In Bülow's writings there is evident a distinct contrast between the spirit
of his strategical and that of his tactical ideas. As a strategist (he
claimed to be the first of strategists) he reduces to mathematical rules
the practice of the great generals of the 18th century, ignoring
"friction," and manoeuvring his armies _in vacuo_. At the same time he
professes that his system provides working rules for the armies of his own
day, which in point of fact were "armed nations," infinitely more affected
by "friction" than the small dynastic and professional armies of the
preceding age. Bülow may therefore be considered as anything but a reformer
in the domain of strategy. With more justice he has been styled the "father
of modern tactics." He was the first to recognize that the conditions of
swift and decisive war brought about by the French Revolution involved
wholly new tactics, and much of his teaching had a profound influence on
European warfare of the 19th century. His early training had shown him
merely the pedantic _minutiae_ of Frederick's methods, and, in the absence
of any troops capable of illustrating the real linear tactics, he became an
enthusiastic supporter of the methods, which (more of necessity than from
judgment) the French revolutionary generals had adopted, of fighting in
small columns covered by skirmishers. Battles, he maintained, were won by
skirmishers. "We must organize disorder," he said; indeed, every argument
of writers of the modern "extended order" school is to be found _mutatis
mutandis_ in Bülow, whose system acquired great prominence in view of the
mechanical improvements in armament. But his tactics, like his strategy,
were vitiated by the absence of "friction," and their dependence on the
realization of an unattainable standard of bravery.

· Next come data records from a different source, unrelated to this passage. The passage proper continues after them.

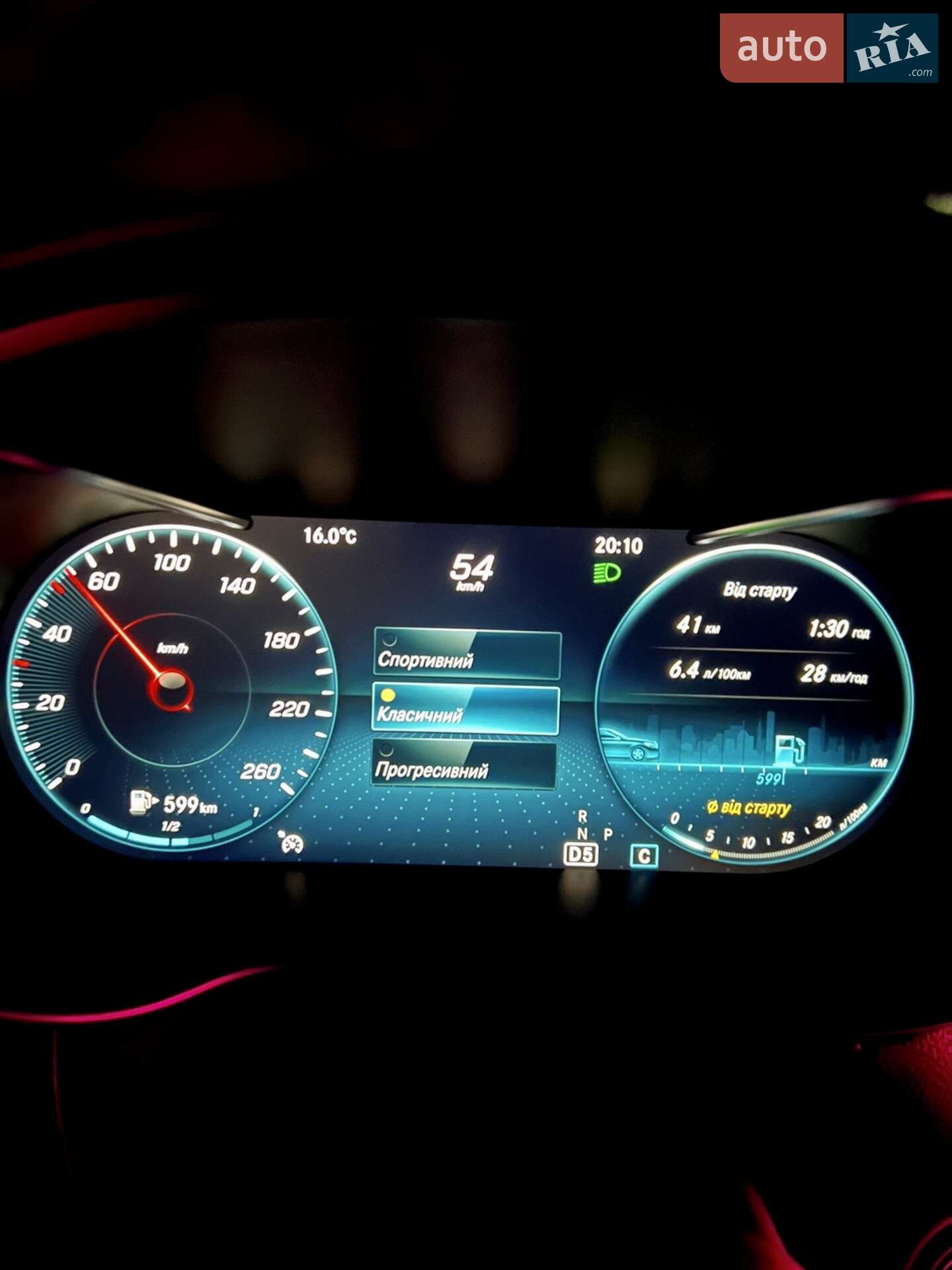 Mercedes-Benz C-Class 2018 VIN WDD2050151R427888 фото оголошення 53 з 64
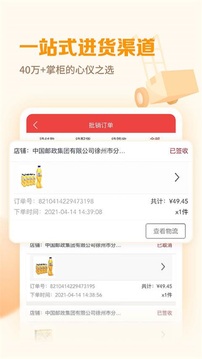 郵掌柜截圖(3)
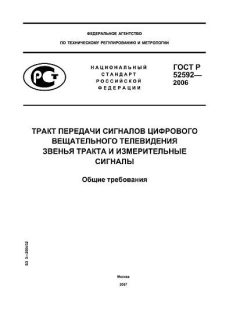 GOST R 52592-2006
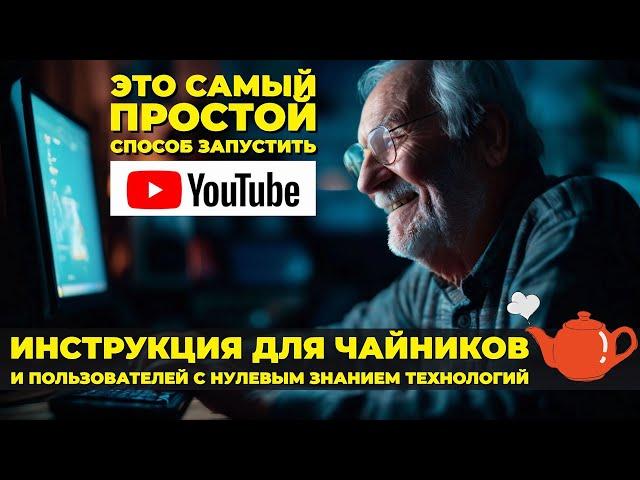 Как смотреть YouTube в 4K на телефоне, приставке и телевизоре | САМАЯ ПОДРОБНАЯ И ПРОСТАЯ ИНСТРУКЦИЯ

See von Voss, _H. von Bülow_ (Köln, 1806); P. von Bülow, _Familienbuch der
v. Bülow_ (Berlin, 1859); Ed. von Bülow, _Aus dem Leben Dietrichs v.
Bülow_, also _Vermischte Schriften aus dem Nachlass von Behrenhorst_
(1845); Ed. von Bülow and von Rüstow, _Militärische und vermischte
Schriften von Heinrich Dietrich v. Bülow_ (Leipzig, 1853); Memoirs by
Freiherr v. Meerheimb in _Allgemeine deutsche [v.04 p.0795] Biographie_,
vol. 3 (Leipzig, 1876), and "Behrenhorst und Bülow" (_Historische
Zeitschrift_, 1861, vi.); Max Jähns, _Geschichte der Kriegswissenschaften_,
vol. iii. pp. 2133-2145 (Munich, 1891); General von Cämmerer (transl. von
Donat), _Development of Strategical Science_ (London, 1905), ch. i.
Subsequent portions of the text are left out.